Atendente de Farmácia Enfrenta Racismo no Primeiro Dia: ‘Escurecendo a Loja!’

A Justiça do Trabalho confirmou a condenação da Rede Raia Drogasil, que terá que pagar uma indenização por danos morais à ex-funcionária Noemi Oliveira Silva. Em 2018, Noemi foi alvo de ofensas racistas no seu primeiro dia de trabalho em uma farmácia da rede em São Caetano do Sul, São Paulo. O caso ganhou notoriedade nas redes sociais quando Noemi postou um vídeo documentando as agressões.

No vídeo, uma colega de trabalho fez comentários ofensivos e discriminatórios, insinuando que a presença de Noemi iria “escurecer” a loja. Além disso, a colega listou sarcasticamente as tarefas que seriam atribuídas a Noemi, de forma a desmerecer sua função.

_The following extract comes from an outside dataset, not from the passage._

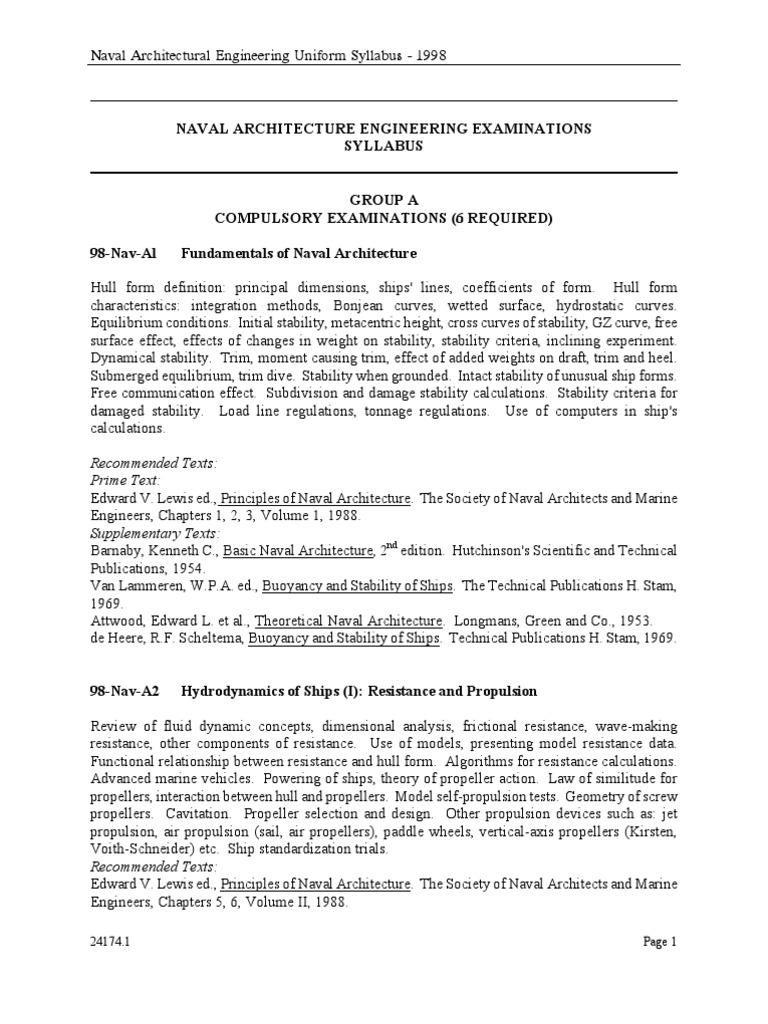 NAVAL ARCHITECTURE AND OFFSHORE ENGINEERING SYLLABUS visual data 2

Na decisão, a Justiça considerou as evidências apresentadas, como o vídeo e o depoimento da colega, que confirmaram as ofensas. A juíza rechaçou a defesa da empresa, que alegou que as palavras foram ditas em tom de brincadeira. Ela enfatizou que esse tipo de comportamento deve ser analisado sob a perspectiva do racismo estrutural, que prejudica a dignidade das pessoas.

Além de reconhecer as ofensas, a decisão responsabilizou a Raia Drogasil por não garantir um ambiente de trabalho seguro e respeitável. Assim, foi determinada uma indenização de aproximadamente R$ 52 mil, levando em conta a gravidade das ofensas, o porte da empresa e a situação de Noemi.

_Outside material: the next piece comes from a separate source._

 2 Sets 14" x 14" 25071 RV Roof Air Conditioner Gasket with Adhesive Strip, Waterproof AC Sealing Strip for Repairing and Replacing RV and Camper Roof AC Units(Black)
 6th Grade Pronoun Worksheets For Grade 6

A Rede Raia Drogasil expressou seu pesar pelo ocorrido, reafirmando seu compromisso com a diversidade, o respeito e a inclusão. Em nota, a empresa declarou que não tolera qualquer forma de discriminação e considera esses valores fundamentais.

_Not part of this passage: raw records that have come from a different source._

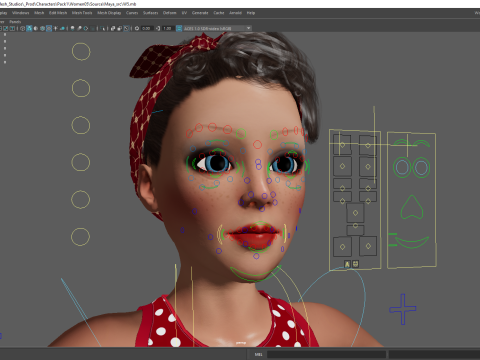 Mother woman Stylized Cute Girl 3D Model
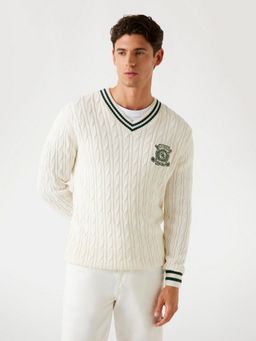 Guess - Mens Cable Knitted V-Neck Long Sleeves Sweater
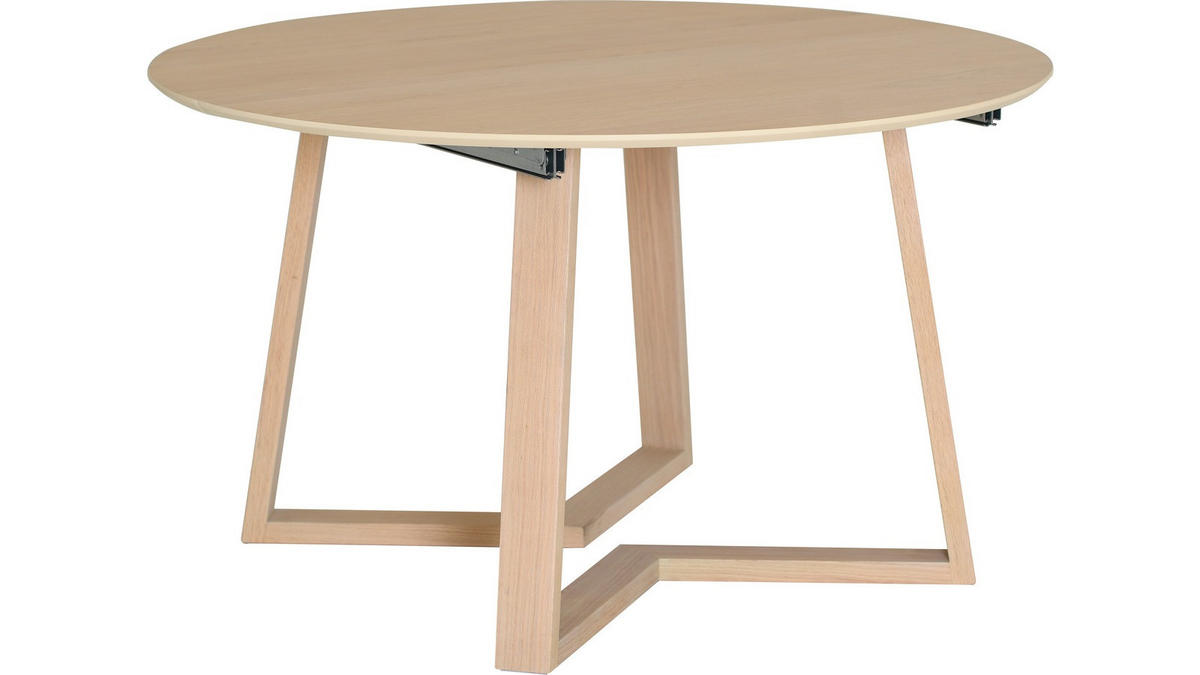 MATBORD i trä, metall 130-230/130-230/75 cm   - ek Bianco, Design, metall/trä (130-230/130-230/75cm) - Best Price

O escritório de advocacia que representou Noemi relatou que ela procurou assistência após sofrer as ofensas e também mencionou irregularidades trabalhistas em sua contratação. Inicialmente, Noemi hesitou em compartilhar sua experiência, mas, após uma conversa, percebeu a importância de seu depoimento no combate às desigualdades e na busca por melhores condições de trabalho para as mulheres negras.

Essa decisão da Justiça não apenas condena as ofensas sofridas, mas também destaca a necessidade de um ambiente profissional que respeite a diversidade e a dignidade de todos os colaboradores.